If you want the task to run on only one worker:

>>> app.crontab("45 17 * * *", on_leader=True)
>>> async def every_5_45_pm():
...     print("It is 5:45pm UTC on the leader")

With a timezone specification:

>>> @app.crontab("45 17 * * *", timezone=pytz.timezone('GMT'))
>>> async def every_5_45_pm():
...     print("It is 5:45pm in London")
class runnel.Record(*args, **kwargs)[source]

This class is used to specify structured data types to store in streams.

It is a specialized version of pydantic.BaseModel, see https://pydantic-docs.helpmanual.io/ for more information.

Examples

>>> class Order(Record):
...     order_id: int
...     created_at: datetime
...     amount: int
...     item_ids: List[int]

Records can be nested arbitrarily, e.g. items: List[Item] where Item is another record. They will be serialized (according to the serializer/compressor settings) and stored as arbitrary bytes as a single value in a Redis stream entry.

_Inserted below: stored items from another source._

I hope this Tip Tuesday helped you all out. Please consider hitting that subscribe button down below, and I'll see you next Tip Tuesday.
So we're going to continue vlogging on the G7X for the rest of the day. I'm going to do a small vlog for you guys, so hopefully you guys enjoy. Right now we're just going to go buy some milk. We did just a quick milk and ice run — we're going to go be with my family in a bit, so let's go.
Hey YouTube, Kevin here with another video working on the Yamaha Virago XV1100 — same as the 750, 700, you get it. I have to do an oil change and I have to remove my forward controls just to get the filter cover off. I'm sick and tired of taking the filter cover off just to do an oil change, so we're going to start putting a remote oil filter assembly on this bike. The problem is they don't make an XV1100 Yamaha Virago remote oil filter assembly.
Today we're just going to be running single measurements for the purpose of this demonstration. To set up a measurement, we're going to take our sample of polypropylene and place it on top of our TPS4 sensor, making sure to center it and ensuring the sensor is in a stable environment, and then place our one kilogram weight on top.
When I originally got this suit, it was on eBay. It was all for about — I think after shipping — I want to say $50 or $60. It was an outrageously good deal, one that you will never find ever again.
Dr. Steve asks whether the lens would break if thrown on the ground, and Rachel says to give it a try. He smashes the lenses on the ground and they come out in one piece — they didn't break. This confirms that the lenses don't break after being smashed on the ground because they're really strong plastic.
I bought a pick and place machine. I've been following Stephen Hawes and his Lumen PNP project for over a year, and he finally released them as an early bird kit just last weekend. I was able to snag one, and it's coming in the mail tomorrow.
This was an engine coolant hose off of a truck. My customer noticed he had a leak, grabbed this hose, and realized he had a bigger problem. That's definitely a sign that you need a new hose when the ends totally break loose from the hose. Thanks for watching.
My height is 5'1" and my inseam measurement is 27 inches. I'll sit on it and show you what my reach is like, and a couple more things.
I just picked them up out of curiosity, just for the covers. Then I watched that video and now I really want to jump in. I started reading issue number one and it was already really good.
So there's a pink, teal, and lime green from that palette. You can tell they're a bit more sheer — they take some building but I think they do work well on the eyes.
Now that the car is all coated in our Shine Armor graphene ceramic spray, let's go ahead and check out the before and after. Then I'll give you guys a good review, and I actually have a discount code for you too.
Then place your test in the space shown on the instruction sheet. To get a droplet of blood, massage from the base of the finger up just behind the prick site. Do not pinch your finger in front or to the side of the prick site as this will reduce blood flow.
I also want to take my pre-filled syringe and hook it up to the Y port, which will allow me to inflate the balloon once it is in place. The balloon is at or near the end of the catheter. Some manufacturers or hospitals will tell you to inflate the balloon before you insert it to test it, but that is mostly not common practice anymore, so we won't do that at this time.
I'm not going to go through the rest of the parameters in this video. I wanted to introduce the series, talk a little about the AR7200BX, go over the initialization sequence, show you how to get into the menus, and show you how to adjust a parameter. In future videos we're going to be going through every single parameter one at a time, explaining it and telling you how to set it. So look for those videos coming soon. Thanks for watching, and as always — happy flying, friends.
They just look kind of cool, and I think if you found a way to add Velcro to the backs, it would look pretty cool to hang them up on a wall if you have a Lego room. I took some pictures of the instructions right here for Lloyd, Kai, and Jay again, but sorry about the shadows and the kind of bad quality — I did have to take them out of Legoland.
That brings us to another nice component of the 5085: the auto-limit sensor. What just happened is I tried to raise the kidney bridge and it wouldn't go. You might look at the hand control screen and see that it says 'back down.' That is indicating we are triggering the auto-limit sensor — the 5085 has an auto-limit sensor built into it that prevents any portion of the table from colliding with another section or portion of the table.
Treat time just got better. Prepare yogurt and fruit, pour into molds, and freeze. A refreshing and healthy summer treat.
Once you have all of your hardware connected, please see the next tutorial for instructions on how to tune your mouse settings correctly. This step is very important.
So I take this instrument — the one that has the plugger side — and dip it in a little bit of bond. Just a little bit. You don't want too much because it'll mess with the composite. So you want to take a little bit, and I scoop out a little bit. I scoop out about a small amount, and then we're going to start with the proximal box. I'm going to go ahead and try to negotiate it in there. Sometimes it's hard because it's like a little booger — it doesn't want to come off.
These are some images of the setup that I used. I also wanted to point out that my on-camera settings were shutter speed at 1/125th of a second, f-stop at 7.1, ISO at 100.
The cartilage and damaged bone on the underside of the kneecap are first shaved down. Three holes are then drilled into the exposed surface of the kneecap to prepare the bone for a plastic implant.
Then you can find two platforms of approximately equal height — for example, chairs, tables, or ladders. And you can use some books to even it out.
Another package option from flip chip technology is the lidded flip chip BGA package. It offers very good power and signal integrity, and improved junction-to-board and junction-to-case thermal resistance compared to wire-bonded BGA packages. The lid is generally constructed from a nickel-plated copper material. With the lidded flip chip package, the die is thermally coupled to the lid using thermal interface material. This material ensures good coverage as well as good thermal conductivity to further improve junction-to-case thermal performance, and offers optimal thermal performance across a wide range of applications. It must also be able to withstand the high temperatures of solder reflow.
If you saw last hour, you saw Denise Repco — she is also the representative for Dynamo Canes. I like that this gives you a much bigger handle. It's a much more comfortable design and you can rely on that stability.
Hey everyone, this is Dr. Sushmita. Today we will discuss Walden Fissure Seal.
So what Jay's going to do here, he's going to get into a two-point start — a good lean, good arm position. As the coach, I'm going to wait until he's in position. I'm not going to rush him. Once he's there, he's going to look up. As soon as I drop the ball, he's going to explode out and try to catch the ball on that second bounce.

Alternatively, you can use the native Redis stream key/value pairs by setting primitive=True, e.g.:

>>> class UserAction(Record, primitive=True):
...     user_id: int
...     type: str

This allows you to benefit from optimisations such as delta compression (see http://antirez.com/news/128), at the cost of not supporting nested values. Only int, float, bool, str, and bytes are allowed.

class runnel.Events(runner: Runner, partition: Partition, want: str = 'events', batch_args: Optional[Tuple] = None, failed: Set[Event] = <factory>, finalized: anyio.abc.Event = <factory>, agen: AsyncIterator[Union[Event, List[Event]]] = None)[source]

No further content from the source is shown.